Only the lines below from the one with "Peugeot Landtrek 1.9TD" through the one with "ZXi FW#5 Diamana ZXi 50 フレックスS 右利き用 - メルカリ" are to be written out, exactly and without any images.

§ Data supplied:

---------------

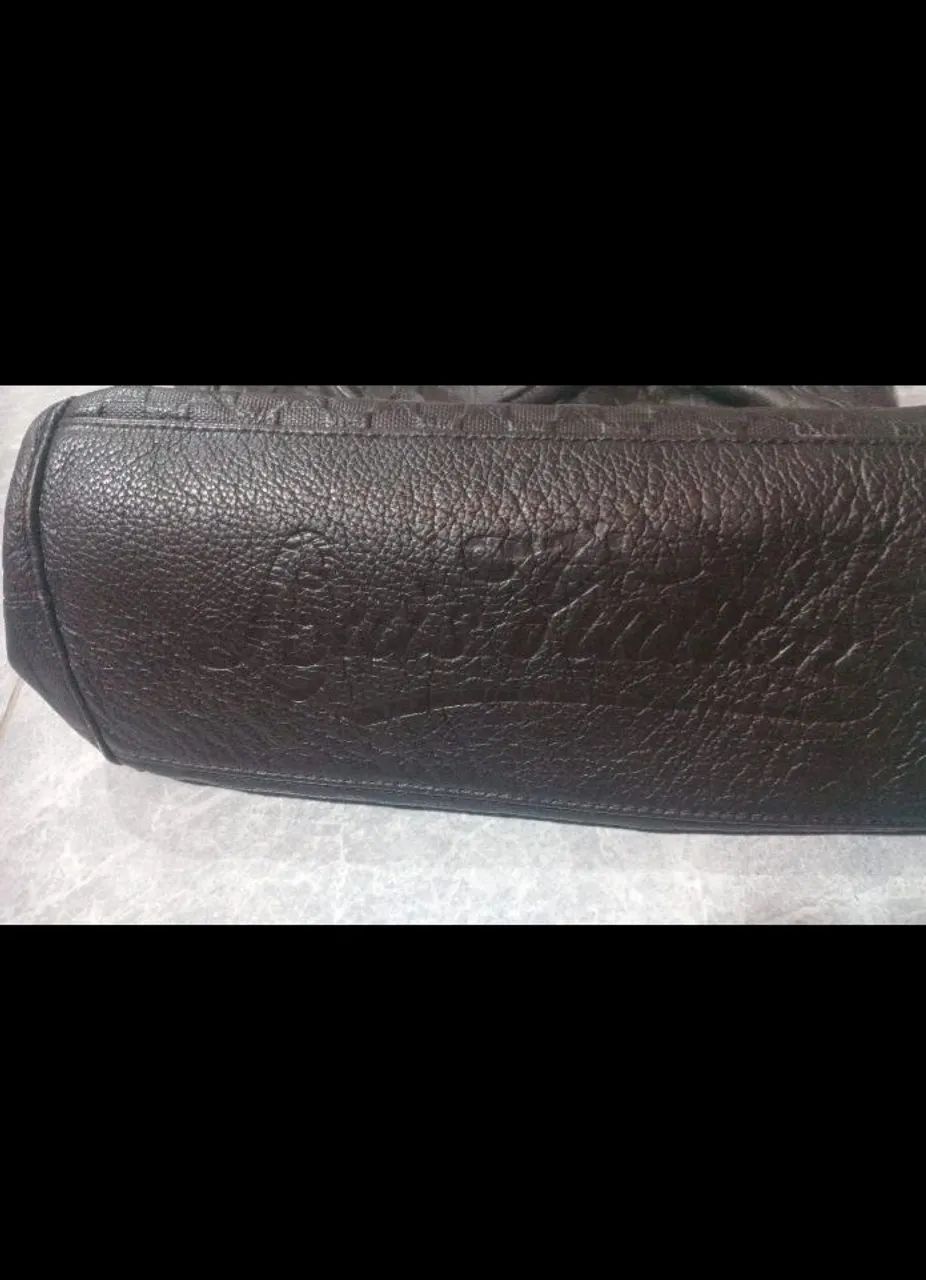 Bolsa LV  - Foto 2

---------------

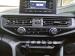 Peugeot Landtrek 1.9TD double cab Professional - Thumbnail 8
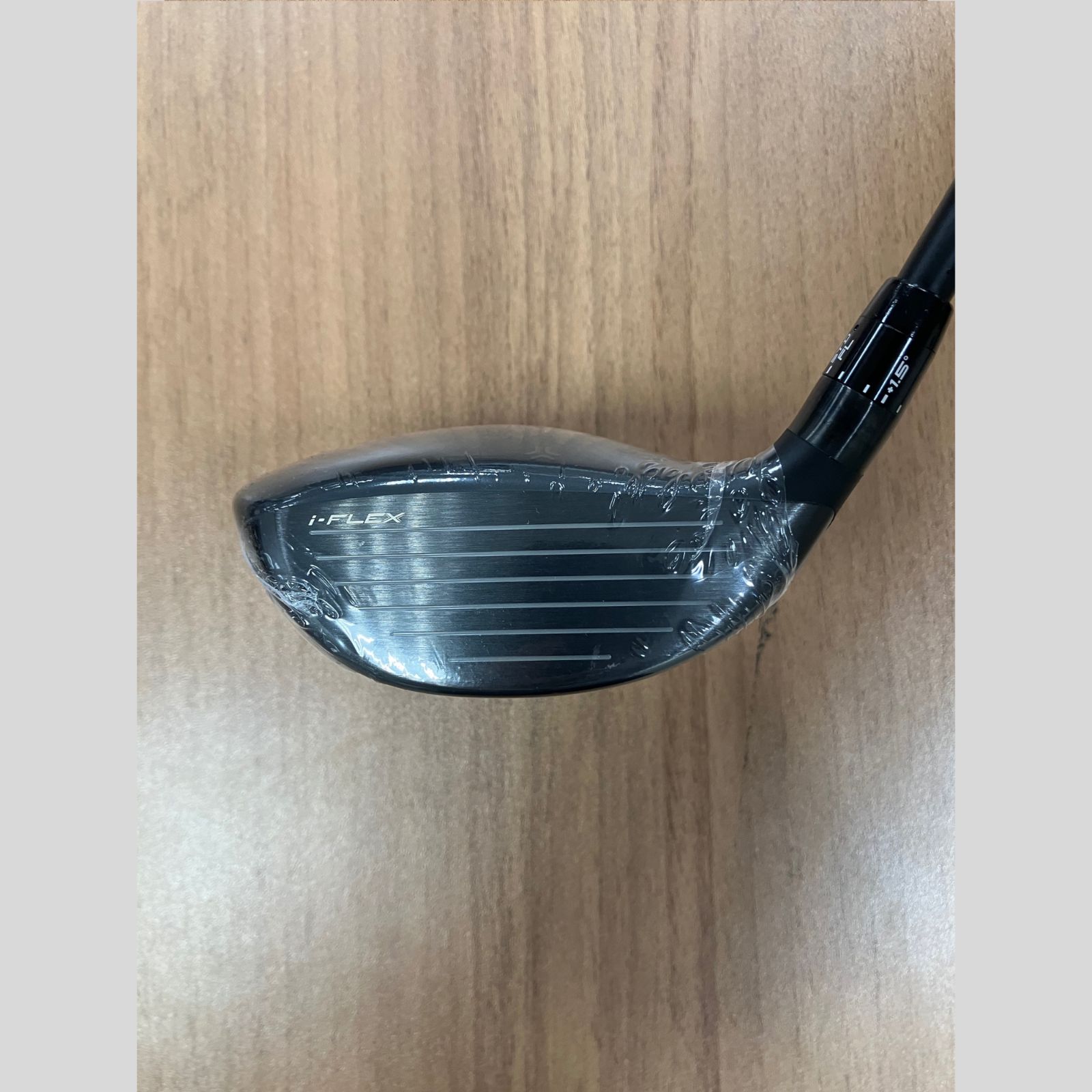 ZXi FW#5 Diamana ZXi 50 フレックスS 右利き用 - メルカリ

---------------

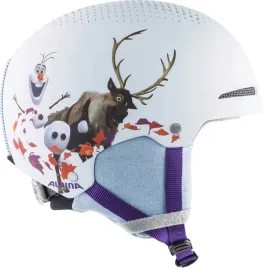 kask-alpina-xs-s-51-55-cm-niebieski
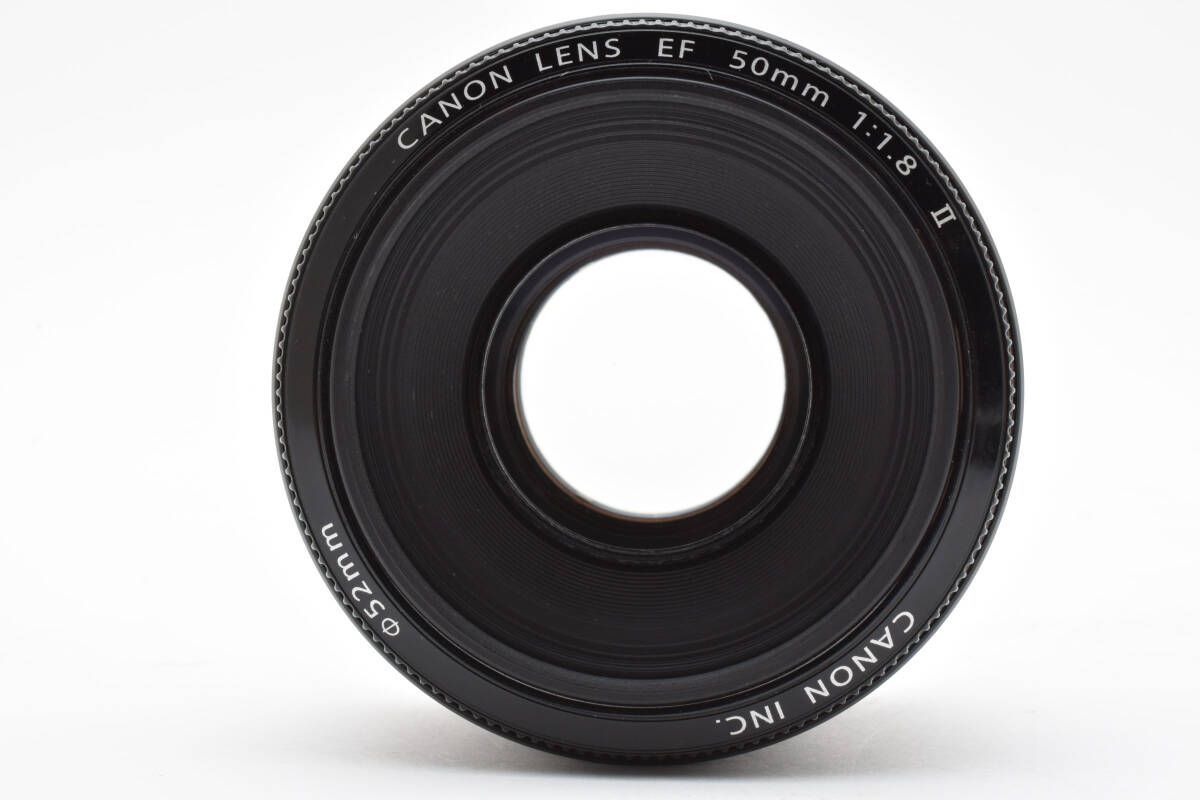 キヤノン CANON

---------------

§ Result of the exercise:
 Peugeot Landtrek 1.9TD double cab Professional - Thumbnail 8
 ZXi FW#5 Diamana ZXi 50 フレックスS 右利き用 - メルカリ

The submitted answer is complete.